Let me first admit to this:
I was one of the old fart parents who was so saddened to see the provocative photo of Miley Cyrus in Vanity Fair recently. To me, the picture was clearly sensuous in a way that it should not have been for a 15 year old. It's especially bothersome since I think that she is a quite talented and charismatic little performer, who has great comic timing and the chance to mature in into a comedienne of the first order in films and TV shows. As far as I am concerned she does not need to sell herself as sexy. Funny is sexy in a better way.
So, with that in mind, I found it ironic (or was it some sort of cosmos putting me in my place?) that my pre-ordered copy this book by Paula Uruburu arrived:
EVELYN NESBIT, STANFORD WHITE
The Birth of the "It" Girl"
CRIME OF THE CENTURY
For those of you unfamiliar with the story of Evelyn Nesbit, she was the first real American superstar and the first "media created" celebrity. The very abbreviated story goes like this:
The mother--Evelyn Florence Mackenzie Nesbit-- found herself impoverished in Pennsylvania when her lawyer husband died very suddenly, leaving his family penniless. During the next several years the mother and her two children shuffled around the state from relative to boarding house and back again until Florence Evelyn, the younger, who was always a strikingly beautiful little girl , is "discovered" by an elderly female artist in Philadelphia. Before very long, she is posing for painters in the area and is the sole support of her family.

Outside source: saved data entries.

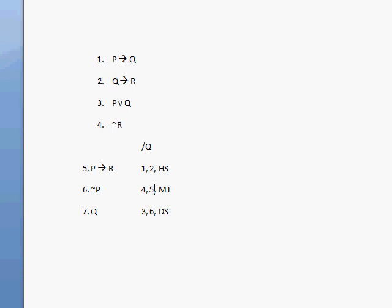So those are just the first four rules of inference. We'll be taking a look at the next two rules in the next video. See you then.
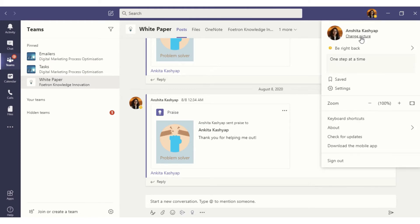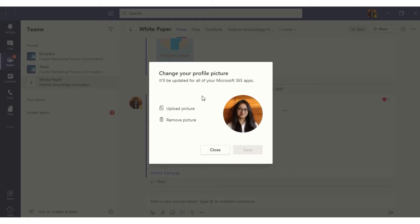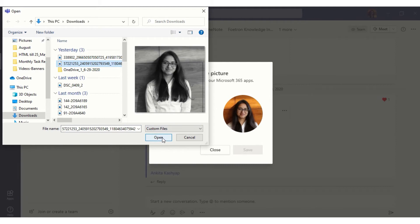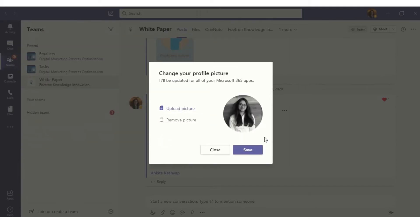Select 'Change Picture.' We can either upload a picture or remove the current picture. To upload a picture, I'll select the option 'Upload Picture' and select my DP.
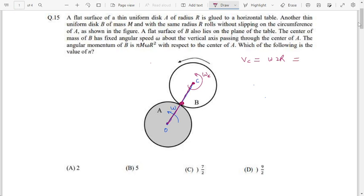Since the contact point is not slipping, we can also write V_C = R·ω_C, because if we stand on the contact point it is at rest, and any point on disk B moves in circular motion relative to that point. The contact point velocity equals R·ω_C by the condition of pure rolling. Equating the two expressions: 2Rω = R·ω_C, so ω_C = 2ω. Hence, the angular velocity of disk B about its own center is twice the angular velocity of line OC.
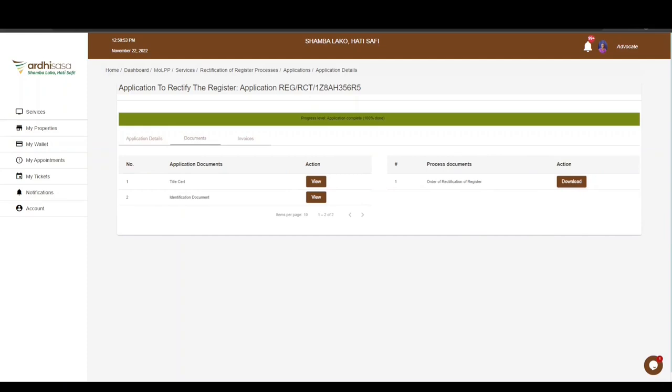The parties will then be called to pick up the title after the changes have been implemented on it. That's it for this tutorial on the Rectification of Register application. Feel free to give feedback in the comment section below, subscribe to our YouTube channel, and click the bell button to get notifications on new videos. Thanks for watching and goodbye.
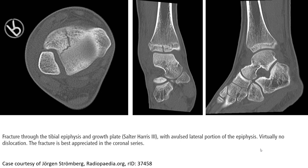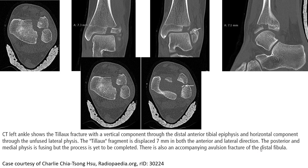Another example of a Tillaux fracture on CT scan shows the fracture through the tibia epiphysis and growth plate, Salter-Harris type 3, with a wide lateral portion of the epiphysis. Visually, no dislocation is seen and the fracture is best appreciated in the coronal series. The CT coronal view shows the Tillaux fracture with a vertical component through the distal anterior tibia epiphysis and a horizontal component through the anterolateral epiphysis, with displacement of a millimeter in both anterior and lateral direction.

They move to New York City, where she continues to pose for well respected artists such as Beckwith and Church and for those studying in such places as The Art Students' League. In addition, she is photographed. And that face becomes "the face" of the turn of the century on everything you can think of: magazines, newspapers, postcards, chocolates, calendars, soaps, and so forth. She is the inspiration behind the "Gibson girl." To say she epitomized a look of the times, is an understatement. She WAS the look and the face of the times.

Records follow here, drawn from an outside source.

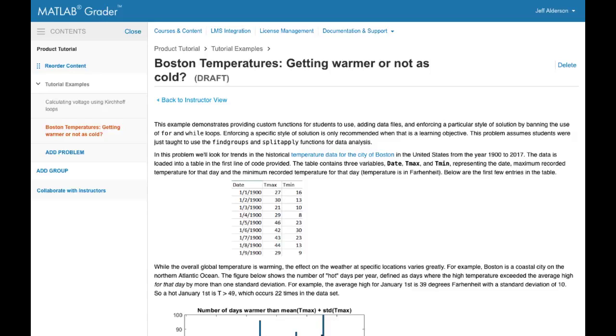Welcome to MATLAB Grader. MATLAB Grader lets you create auto-graded MATLAB coding problems for learners to solve. With MATLAB Grader you can add these problems to courses which you can then host in either MATLAB Grader itself or an integrated learning management system like Blackboard or Moodle.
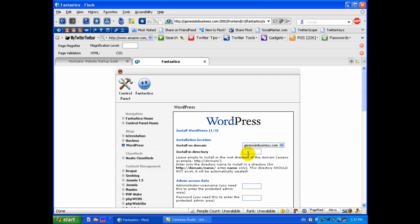Or you can install it in a directory, say a folder like they show here, slash name, like blog or whatever.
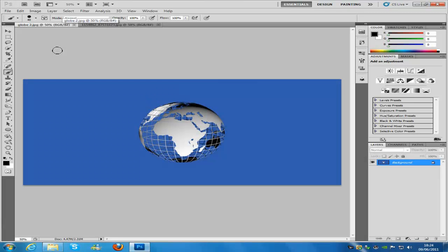Hi everyone, welcome to my Photoshop tutorial where I am teaching you how to make this 3D globe effect.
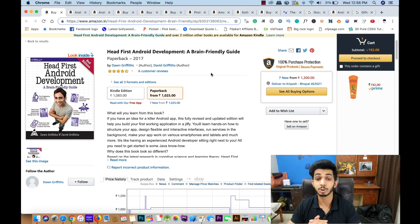As I always mention, you will find affiliate links below in the description. If you want, you can purchase from there. The first book is Head First Android Development.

Enter Stanford White, 48, renowned architect and lover of all things beautiful, including very young girls. He is also a New York celebrity in his own right and the creator of many buildings, including Madison Square Garden with its famous roof top theater and apartment.
Evelyn is seduced by Mr. White, at the age of 16 and they become lovers, while the undercurrent of the righteous right moralists do battle with what they perceive to be the debauchery of the era, which is really the pending end of the Victorian age. One member of this so-called group is millionaire playboy (it is assumed the term was actually coined for him) Harry. K. Thaw of Pittsburgh who is fascinated by Evelyn and sets out to win her affections, as much as he also sets out to destroy the likes of White, whom he perceives as his opponent in more ways than the mere vying for the attentions of Evelyn. After all, they don’t call him "Mad Harry" for nothing.

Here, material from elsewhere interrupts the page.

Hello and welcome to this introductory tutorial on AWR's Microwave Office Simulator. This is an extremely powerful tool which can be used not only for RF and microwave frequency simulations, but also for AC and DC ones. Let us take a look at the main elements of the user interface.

The rest of the story is that Evelyn does become Mrs. Thaw, and not too long afterward in 1906, Harry murders White in a very public setting because " he ruined my wife and my life." Thaw is eventually acquitted by reason of insanity. This affair preoccupied the public for several years, since the first trial ended in a hung jury. This entire affair was riveting for the public and was even more a part of the collective consciousness than the OJ trial.
The book and the story of Evelyn captivated me. I love that turn of the last century era. It also reminded me that girls are not really turned into sex objects any younger nowadays than they were more than a hundred years ago. Miley was 15 when that photo was shot for Vanity Fair by Annie Leibowitz. Evelyn’s pictures in very provocative poses (even more because of the times?) emerged at 14, 15, and 16. I’ve posted some here.
The book was a great read. I think it would be a very good older YA non-fiction read. The narrative of Uruburu marches the story along in a way that makes it feel so very relevant to present times and issues. I loved the way the author incorporated some of the slang of the era; it effectively put me in the 1900 mindset to hear certain phrases--many of which we still use today. She also successfully tells the tale in a manner that had me, the reader, standing right there, viewing the sad plot up close as it unfolds.
I guess I’ve come to realize that no matter how much in 2008 we think of ourselves as progressive, things are not really so different than they were a century ago. What I can’t decide, however, is if that thought makes me resigned, saddened, or relieved. Or none of those things. But it does fascinate me, that’s for sure.